A subset of 869 observations was taken from the larger set of data for purposes of statistical analysis. It included results from 88 trials conducted in all 16 years, three locations, and both water regimes but only those 24 runner and virginia lines that were tested in 2012 and had been tested for three or more years (Table 1).
Data for pod yield, TSMK, and 100-seed weight were subjected to analysis of variance using the mixed models procedure (PROC MIXED) of SAS Ver. 9.2 statistical software (SAS Inst., Cary, NC). Even though length of season was a time limit imposed on a particular entry in a particular test, length of season was also analyzed to identify any effects of irrigation, market type, line within market type, and interaction. The linear model used in the analysis of variance separated the effect of the market type (runner or virginia) from the effect of a line within a market type, both of which effects were considered to be fixed and suitable for the estimation of means rather than to be random effects whose variance should be estimated.

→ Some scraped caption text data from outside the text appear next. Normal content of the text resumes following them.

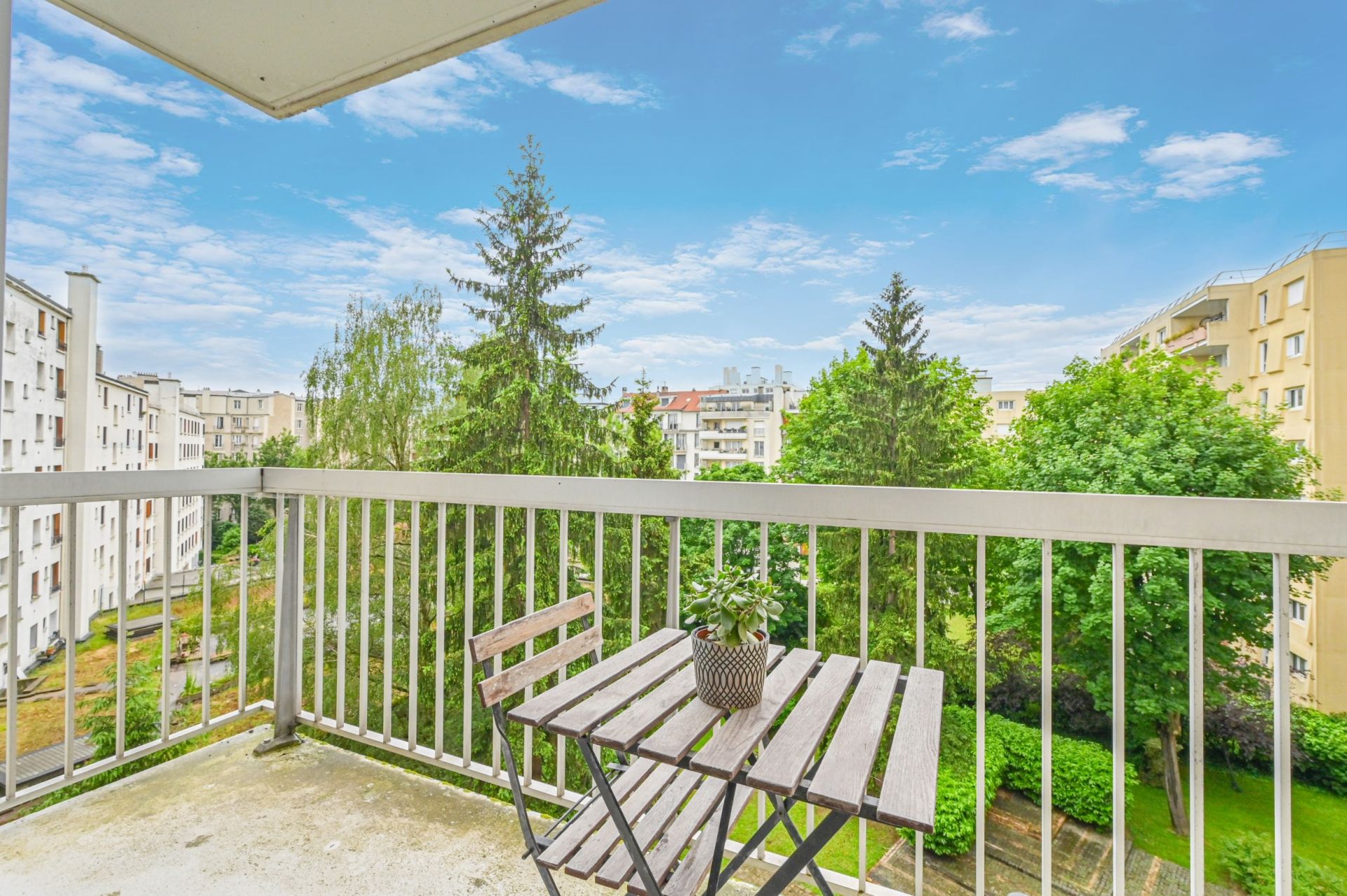Viager Appartement 2&nbsp;Pièces 60&nbsp;m² Vincennes
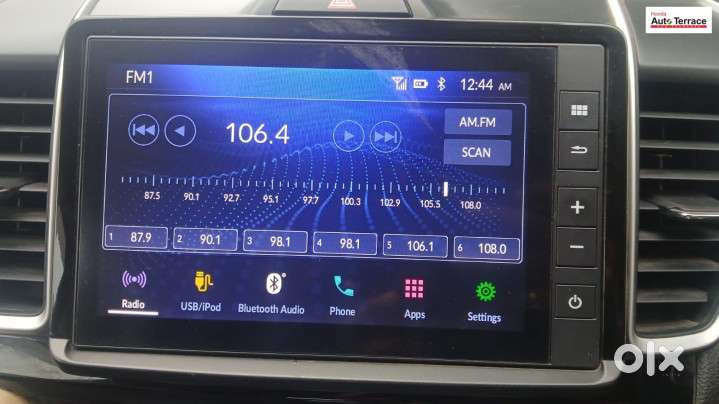 Honda City V Mt Avn, 2022, Petrol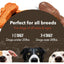 Gaines Family Farmstead Sweet Potato Bones Grain - Free Dog Treats - Talis Us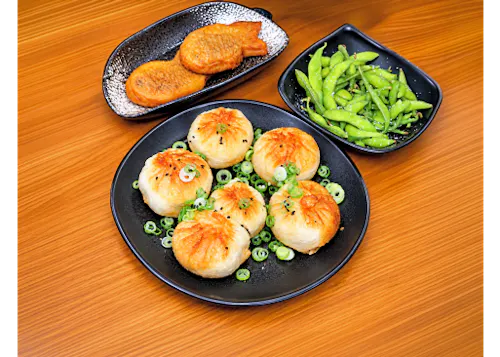 Oishi Ramen - University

In essence, water regimes were treated as whole plots and year as a replicating variable; the lines were grown in subplots of a sort of split plot design. Although results from some trials were discarded, it was still possible to estimate the fixed effects of market-type-by irrigation interaction and interaction of lines within market types with irrigation. The effects of macro-environments, i.e., of combinations of years and locations, were considered to be random as were the effects of irrigation-by-environment interaction. Means adjusted for the effects of years and locations were computed for water regimes, and for market types, cultivars and breeding lines across and within water regimes using the “least squares means” (LSMEANS) option of SAS PROC MIXED. Mean separation for each type of mean was performed using t-tests with α = 0.05.
Results and Discussion
As expected, the main effect of irrigation was detected for all traits: pod yield (5,129 kg ha−1 irrigated vs. 4,248 kg ha−1 non-irrigated, P<0.0001), TSMK (72.5 vs. 70.3%, P<0.0001), 100-seed weight (77.7 vs. 73.8 g, P<0.0001), length of season (137.4 vs. 142.7 days, P = 0.0010), support price (40.50 vs. 39.30¢ kg−1, P<0.0001), and dollar value (2,088 vs. $1,688 ha−1, P<0.0001). It must be recognized that in peanut, the grower decides the length of season by digging the plants, so length of season is an imposed trait, not a measured trait such as yield although yield can be affected by grower decisions as well. However, we must assume that no other cultural practice was applied differentially to different lines, and we further assume that the decision to dig was based on the grower’s estimate of the approximate maturity of the particular line. It is interesting to note that irrigation resulted in the lines being dug on average five to six days earlier than non-irrigated ones, yet they yielded 882 kg ha−1 more, had 2.1% higher TSMK, were worth 1.20¢ kg−1 and $400 ha−1 more, and had seeds that were 39 mg heavier on average. Differences between the runner and virginia market types are commonly observed; this study was no different. The runners differed from virginias for pod yield (4,922 vs. 4,455 kg ha−1, P<0.0001), TSMK (74.2 vs. 68.6 %, P<0.0001), 100-seed weight (62.1 vs. 89.3 g, P<0.0001), length of season (145.0 vs. 135.1 days, P<0.0001), support price (40.31 vs. 39.49¢ kg−1, P<0.0001), and dollar value (1,996 vs. $1,781 ha−1, P<0.0001). With the 467 kg ha−1 advantage in yield, 5.5% in TSMK, 0.82¢ kg−1 in price, and $215 ha−1 in value, it is not surprising that the vast majority of the peanuts grown in Georgia are of the runner rather than virginia market type. There were 41,345 ha of runner cultivars certified in Georgia in 2012 and 0 ha of virginia cultivars (AOSCA, 2013).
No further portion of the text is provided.